Verschickungskinder: Diakonie arbeitet Gewalt in „Erholungsheimen“ auf


Nach dem Zweiten Weltkrieg kamen viele Kinder in Kurheime. Doch wo sie gesunden sollten, wurde ihnen oft Gewalt angetan. Die Diakonie Niedersachsen stellt sich nun als erste Einrichtung diesem dunklen Kapitel ihrer Geschichte.

Michael Hollenbach | Deutschlandfunk Kultur

Trauma statt Erholung: Ehemalige Verschickungskinder berichten von Vernachlässigung und Gewalt im Waldhaus Bad Salzdetfurth. (Picture Alliance / dpa / Hauke-Christian Dittrich)

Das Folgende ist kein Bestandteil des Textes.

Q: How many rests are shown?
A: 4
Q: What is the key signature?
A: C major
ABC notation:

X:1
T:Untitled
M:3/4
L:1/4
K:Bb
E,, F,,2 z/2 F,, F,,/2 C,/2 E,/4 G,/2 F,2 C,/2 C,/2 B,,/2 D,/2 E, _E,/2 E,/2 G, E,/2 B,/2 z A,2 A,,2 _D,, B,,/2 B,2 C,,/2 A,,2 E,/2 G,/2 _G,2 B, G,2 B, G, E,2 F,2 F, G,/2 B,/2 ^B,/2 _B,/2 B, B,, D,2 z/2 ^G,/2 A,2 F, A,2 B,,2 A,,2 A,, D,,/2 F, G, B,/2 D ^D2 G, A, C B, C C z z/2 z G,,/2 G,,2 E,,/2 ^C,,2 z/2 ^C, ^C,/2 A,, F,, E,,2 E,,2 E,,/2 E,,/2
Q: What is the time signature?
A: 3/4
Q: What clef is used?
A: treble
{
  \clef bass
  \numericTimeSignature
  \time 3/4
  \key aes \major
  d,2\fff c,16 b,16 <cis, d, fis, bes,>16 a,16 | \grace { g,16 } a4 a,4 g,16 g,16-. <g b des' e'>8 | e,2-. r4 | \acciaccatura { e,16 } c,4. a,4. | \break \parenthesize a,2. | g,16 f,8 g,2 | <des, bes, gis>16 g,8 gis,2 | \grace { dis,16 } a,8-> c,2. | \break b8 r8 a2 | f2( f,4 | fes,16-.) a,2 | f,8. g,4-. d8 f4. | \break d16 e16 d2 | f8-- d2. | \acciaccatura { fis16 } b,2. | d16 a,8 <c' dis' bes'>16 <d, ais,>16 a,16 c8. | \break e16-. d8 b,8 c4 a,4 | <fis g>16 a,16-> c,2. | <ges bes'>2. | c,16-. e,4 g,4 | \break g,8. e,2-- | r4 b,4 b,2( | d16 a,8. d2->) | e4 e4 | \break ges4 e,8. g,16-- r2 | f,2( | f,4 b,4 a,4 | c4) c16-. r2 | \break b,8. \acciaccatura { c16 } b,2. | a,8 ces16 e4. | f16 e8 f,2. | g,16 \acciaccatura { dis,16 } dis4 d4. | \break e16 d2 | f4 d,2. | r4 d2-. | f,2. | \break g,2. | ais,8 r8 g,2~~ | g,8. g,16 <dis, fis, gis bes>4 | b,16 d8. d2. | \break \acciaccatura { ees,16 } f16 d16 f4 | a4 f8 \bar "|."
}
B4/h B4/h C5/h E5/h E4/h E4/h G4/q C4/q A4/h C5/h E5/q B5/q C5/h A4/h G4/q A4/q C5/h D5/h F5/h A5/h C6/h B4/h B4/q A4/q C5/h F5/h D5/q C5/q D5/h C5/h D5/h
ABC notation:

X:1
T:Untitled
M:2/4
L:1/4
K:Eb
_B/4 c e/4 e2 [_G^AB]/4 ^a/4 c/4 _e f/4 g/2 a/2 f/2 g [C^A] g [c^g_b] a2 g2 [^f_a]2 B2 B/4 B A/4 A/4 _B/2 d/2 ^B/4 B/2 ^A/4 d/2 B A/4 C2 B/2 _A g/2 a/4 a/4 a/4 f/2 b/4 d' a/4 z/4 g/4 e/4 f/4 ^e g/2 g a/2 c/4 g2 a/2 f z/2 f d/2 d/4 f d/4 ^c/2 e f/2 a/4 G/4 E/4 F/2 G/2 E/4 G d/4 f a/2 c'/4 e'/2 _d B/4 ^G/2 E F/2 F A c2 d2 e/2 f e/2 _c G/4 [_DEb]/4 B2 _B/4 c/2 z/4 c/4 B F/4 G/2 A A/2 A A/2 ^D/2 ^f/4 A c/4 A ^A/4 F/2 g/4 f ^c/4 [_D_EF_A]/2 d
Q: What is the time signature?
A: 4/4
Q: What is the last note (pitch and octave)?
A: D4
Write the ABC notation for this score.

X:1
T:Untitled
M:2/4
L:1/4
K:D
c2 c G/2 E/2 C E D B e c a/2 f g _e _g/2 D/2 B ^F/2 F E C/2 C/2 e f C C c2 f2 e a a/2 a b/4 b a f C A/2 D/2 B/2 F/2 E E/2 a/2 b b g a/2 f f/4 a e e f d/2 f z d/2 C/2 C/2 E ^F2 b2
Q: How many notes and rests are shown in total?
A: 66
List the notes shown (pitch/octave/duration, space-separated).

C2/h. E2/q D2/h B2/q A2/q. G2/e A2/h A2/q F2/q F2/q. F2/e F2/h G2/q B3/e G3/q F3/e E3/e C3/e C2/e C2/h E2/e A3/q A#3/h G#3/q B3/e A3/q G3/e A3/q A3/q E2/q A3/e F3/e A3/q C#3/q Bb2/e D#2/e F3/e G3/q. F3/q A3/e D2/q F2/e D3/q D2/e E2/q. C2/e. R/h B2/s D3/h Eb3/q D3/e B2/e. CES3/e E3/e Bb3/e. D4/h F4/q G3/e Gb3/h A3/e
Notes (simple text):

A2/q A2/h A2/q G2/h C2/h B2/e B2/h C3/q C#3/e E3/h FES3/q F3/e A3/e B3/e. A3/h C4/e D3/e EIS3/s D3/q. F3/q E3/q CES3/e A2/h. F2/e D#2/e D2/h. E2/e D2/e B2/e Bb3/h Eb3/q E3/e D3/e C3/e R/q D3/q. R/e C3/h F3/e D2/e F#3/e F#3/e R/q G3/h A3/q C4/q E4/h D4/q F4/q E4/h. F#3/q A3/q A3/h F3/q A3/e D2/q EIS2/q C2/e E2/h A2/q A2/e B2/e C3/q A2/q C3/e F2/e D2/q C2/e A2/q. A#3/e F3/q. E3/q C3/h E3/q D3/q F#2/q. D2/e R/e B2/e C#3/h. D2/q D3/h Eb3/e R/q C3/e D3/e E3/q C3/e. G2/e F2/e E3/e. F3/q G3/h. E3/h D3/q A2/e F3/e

In einem Kurhaus der Inneren Mission in Bad Salzdetfurth bei Hildesheim erstickte im März 1969 der siebenjährige Stefan an Erbrochenem. Kurz darauf starb Kirsten an einer Infektion. Und im Mai 1969 wurde der dreijährige Andre von drei Sechsjährigen zu Tode geprügelt.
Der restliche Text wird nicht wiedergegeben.